When he was gone we renewed our ever-returning, perplexing, never-settled question, What shall we do? We could agree on no plans of escape, for all seemed impossible of execution. Yet we did agree in the expediency of opening a communication with the brig. But how to do it was the question.

Our dependence upon the Esquimo growing more humiliatingly absolute every day, pained us. We feared their treachery, of which we already saw some signs. "What shall we do?" was ever repeated.

While thus perplexed, Kalutunah made his appearance. With him were a young hunter, and a woman with a six months' old baby. The little one was wrapped in fox-skin, and thrust into its mother's hood, which hung on her neck behind. It peered out of its hiding-place with a contented and curious expression of face. Its mother had come forty miles, sometimes walking over the hummocky way, with the thermometer thirty-eight degrees below zero, with a liability of encountering terrific storms, and all to see the white men and their igloë. Mother and child arrived in good condition.

We conversed with the chief about our plan of going to Upernavik on sledges, and proposed to buy teams of his people, or hire them to drive us there. He received the proposal with a decided dissent, amounting almost to resentment. His people, he said, would not sell dogs at any price; they had only enough to preserve their own lives.

This we knew to be false. We offered a great price, but he scorned the bribe, and talked with an expression of horror about our plan of passing with sledges over the Frozen Sea, as he called Melville Bay.

While we were urging the sale by him of dogs and sledges he looked quizzically at our emaciated forms and sunken cheeks, and turning to the woman with a significant twinkle in his eye, he sucked in his cheeks. She returned the knowing glance, and sucked in her cheeks. This meant: We shall get all the white men's coveted things without paying when we find them starved and dead. This was a comforting view of the case—for them.

We dropped the plan of going south, and proposed to the chief to carry some of our party to the ship. This he readily assented to, and said at least four sledges should go with Petersen, if to each driver should be given a knife and piece of wood. We closed the bargain gladly, and Petersen was to start in the morning.

Guests and entertainers now sought rest. We gave the mother and child our bed in the corner. This was to us a self-denying act of courtesy, compelled by policy. We had usually given a good distance between us and such lodgers on account of certain specimens of natural history which swarmed upon their bodies, which, though starving, we did not desire.

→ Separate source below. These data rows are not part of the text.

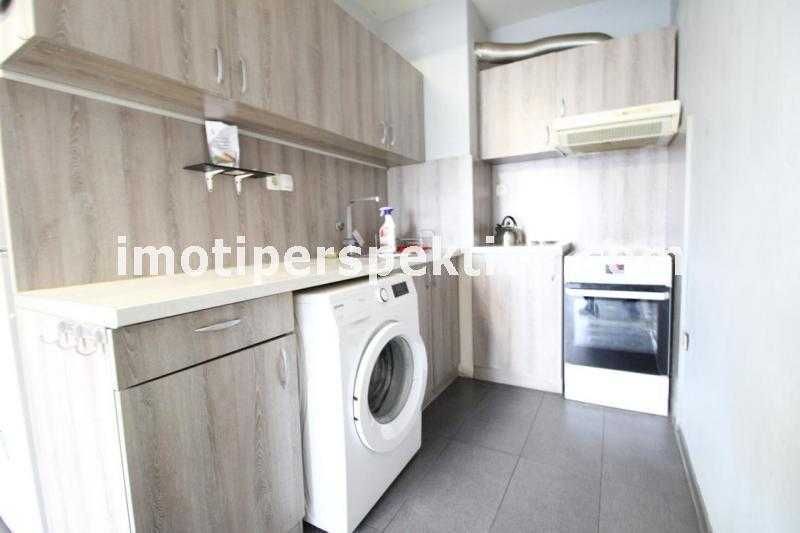 Продава се Тристаен апартамент в Пловдив, Кючук Париж - 90 кв.м за 1689 €/кв.м - Снимка #2
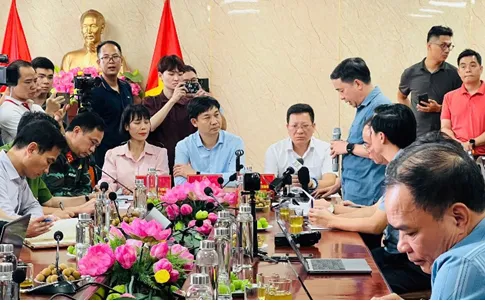 Quang cảnh buổi họp báo.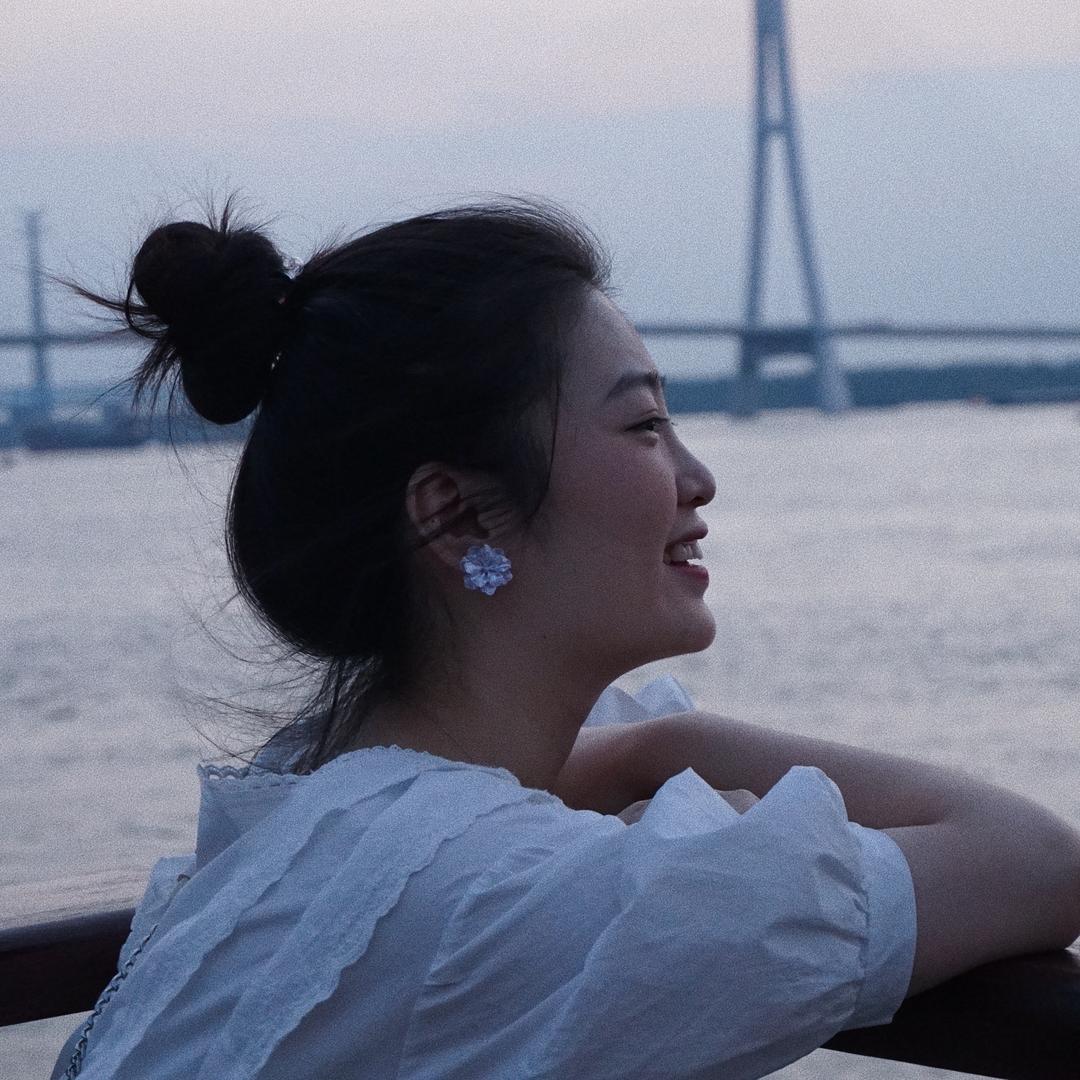 小明阿姨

But to put her in a meaner place would be a serious affront, for which we might be obliged to pay dearly.

About midnight voices were heard outside, and soon our young lover, the boy-hunter, entered, accompanied by a widow who was neither young, nor beautiful. The hut was in instant confusion. There was but little more sleep for the night, which was peculiarly hard on Petersen, who was to start in the morning on his long journey.

We had no food with which to treat our guests, which they saw, and so supped upon the provisions which they brought. The widow ate raw young birds, of which she brought a supply saved over from the summer. The Angekok had decided that her husband's spirit had taken temporary residence in a walrus, so she was forbidden that animal. She chewed choice bits of her bird and offered them to us. We tried politely to decline the kindness, but our refusal plainly offended her.